I’m trying to drop some columns from a root file by doing a snapshot and selecting only some of the columns in the following way, but

temp = ROOT.ROOT.RDataFrame("EventTree",path)
good_cols = ROOT.std.vector('string')()
for itm in filter(lambda x: x in retain, temp.GetColumnNames()):
    good_cols.push_back(itm)

df =  ROOT.ROOT.RDataFrame("EventTree",path)
df.Snapshot("thinned_tree", "out.root",good_cols)

which results in

TypeError: none of the 3 overloaded methods succeeded. Full details:
  ROOT::RDF::RResultPtr<ROOT::RDF::RInterface<ROOT::Detail::RDF::RLoopManager,void> > ROOT::RDF::RInterface<ROOT::Detail::RDF::RLoopManager,void>::Snapshot(experimental::basic_string_view<char,char_traits<char> > treename, experimental::basic_string_view<char,char_traits<char> > filename, const vector<string>& columnList, const ROOT::RDF::RSnapshotOptions& options = ROOT::RDF::RSnapshotOptions()) =>
    Cannot jit Snapshot call.
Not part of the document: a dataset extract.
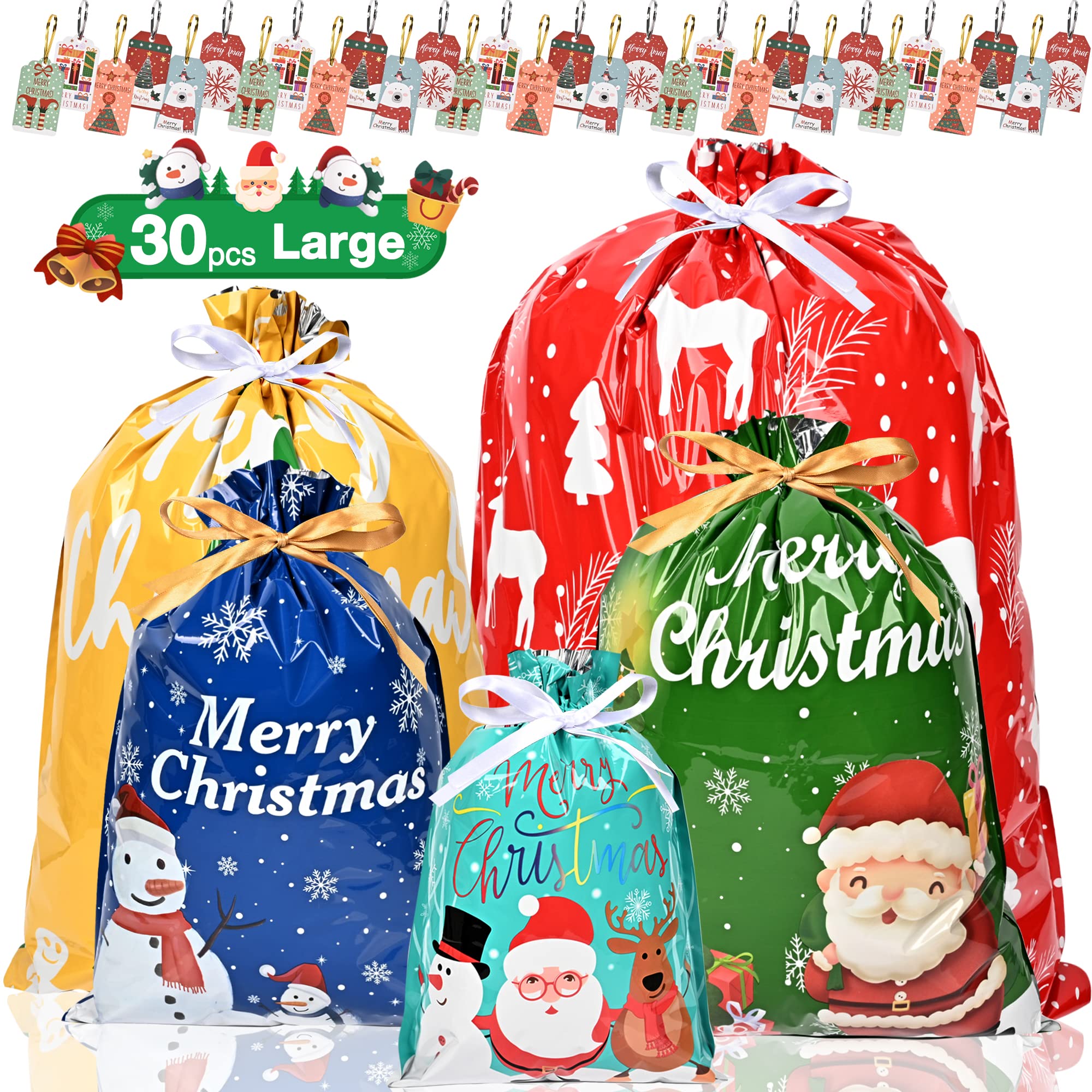 Christmas Wrapping Bags 30Pcs Extra Large Drawstring Gift With Tags,Foil Xmas Tie for Presents Variety of Sizes,Reusable Wrap Bag Multipack 5 Sizes & 13 Different Designs, XXL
Interpreter error code is 1. (C++ exception of type runtime_error)
  ROOT::RDF::RResultPtr<ROOT::RDF::RInterface<ROOT::Detail::RDF::RLoopManager,void> > ROOT::RDF::RInterface<ROOT::Detail::RDF::RLoopManager,void>::Snapshot(experimental::basic_string_view<char,char_traits<char> > treename, experimental::basic_string_view<char,char_traits<char> > filename, experimental::basic_string_view<char,char_traits<char> > columnNameRegexp = "", const ROOT::RDF::RSnapshotOptions& options = ROOT::RDF::RSnapshotOptions()) =>
    could not convert argument 3
  ROOT::RDF::RResultPtr<ROOT::RDF::RInterface<ROOT::Detail::RDF::RLoopManager,void> > ROOT::RDF::RInterface<ROOT::Detail::RDF::RLoopManager,void>::Snapshot(experimental::basic_string_view<char,char_traits<char> > treename, experimental::basic_string_view<char,char_traits<char> > filename, initializer_list<string> columnList, const ROOT::RDF::RSnapshotOptions& options = ROOT::RDF::RSnapshotOptions()) =>
    could not convert argument 3

which I can’t make much sense of :frowning:

Hi,
what’s the output of type(good_cols) and print(good_cols)?

The error seems to be that argument 3 to Snapshot (good_cols) can’t be converted to any of the types expected by the Snapshot overloads.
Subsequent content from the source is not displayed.